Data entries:
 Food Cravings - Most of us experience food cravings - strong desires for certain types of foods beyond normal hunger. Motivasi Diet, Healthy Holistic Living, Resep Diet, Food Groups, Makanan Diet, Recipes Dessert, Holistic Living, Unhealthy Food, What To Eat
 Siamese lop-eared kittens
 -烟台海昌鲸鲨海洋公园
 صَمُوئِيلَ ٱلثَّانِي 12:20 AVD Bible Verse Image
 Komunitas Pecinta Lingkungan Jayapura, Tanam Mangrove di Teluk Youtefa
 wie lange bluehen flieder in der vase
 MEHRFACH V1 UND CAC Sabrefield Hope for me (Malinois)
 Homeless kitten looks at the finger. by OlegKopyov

_Your goal_. Repeat the data word for word, leaving out no line.

_Reply_.
 Food Cravings - Most of us experience food cravings - strong desires for certain types of foods beyond normal hunger. Motivasi Diet, Healthy Holistic Living, Resep Diet, Food Groups, Makanan Diet, Recipes Dessert, Holistic Living, Unhealthy Food, What To Eat
 Siamese lop-eared kittens
 -烟台海昌鲸鲨海洋公园
 صَمُوئِيلَ ٱلثَّانِي 12:20 AVD Bible Verse Image
 Komunitas Pecinta Lingkungan Jayapura, Tanam Mangrove di Teluk Youtefa
 wie lange bluehen flieder in der vase
 MEHRFACH V1 UND CAC Sabrefield Hope for me (Malinois)
 Homeless kitten looks at the finger. by OlegKopyov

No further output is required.